Eze Amos/Getty Images News/Getty Images

A new art project will project a hologram of George Floyd over Confederate monuments

More than two months after George Floyd's killing at the hands of Minneapolis police set off a wave of social justice and racial equality protests across the United States, Floyd's family unveiled a unique tribute to their lost loved one this week, setting the stage for a nationwide tour to honor Floyd and carry his legacy forward.

At a ceremony in Richmond, Virginia, on Tuesday evening, Floyd's family kicked off the first public showcase of "A Monumental Change: The George Floyd Hologram Memorial Project" — a holographic projection of Floyd's face and name, which blanketed the city's Robert E. Lee monument at what's become known as Marcus David Peters Circle

"Since the death of my brother George, his face has been seen all over the world,” Floyd's brother Rodney said in a press release ahead of Tuesday evening's event. “Now by partnering with Change.org, the hologram will allow my brother's face to be seen as a symbol for change in places where change is needed most."

The hologram, created in partnership between the newly constituted George Floyd Foundation and Change.org, is set to travel to throughout the south, along the same route as the 1961 civil rights movement Freedom Ride, with stops in North Carolina and Georgia, and elsewhere.
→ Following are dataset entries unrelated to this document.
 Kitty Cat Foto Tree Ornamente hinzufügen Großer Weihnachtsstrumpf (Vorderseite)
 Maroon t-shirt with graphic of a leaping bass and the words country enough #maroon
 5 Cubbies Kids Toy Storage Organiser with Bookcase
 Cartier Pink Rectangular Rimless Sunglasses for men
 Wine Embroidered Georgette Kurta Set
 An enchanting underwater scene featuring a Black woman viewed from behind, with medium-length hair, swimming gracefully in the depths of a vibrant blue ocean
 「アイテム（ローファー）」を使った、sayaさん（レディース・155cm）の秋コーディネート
At each stop, the hologram — in which a series of digital fireflies coalesce into a ghostly image of Floyd — will reportedly be projected across a local Confederate monument, as a "symbolic call to continue the fight for racial justice," according to the team behind the installation.

"I’m hurting right now,” Floyd's brother Philonise reportedly told onlookers Monday evening at a small preview event for the project. “I’m happy to be here. But it’s just hard just being here, looking at my brother ... never thought I’d see my brother on a hologram. Always thought that we would grow old, fish, and die off together."

At Tuesday night's unveiling, Philonise thanked the public for their support, pointing at the assembled crowd and telling them that "my brother’s death will not be in vain, because we have people like you, and you and you and you."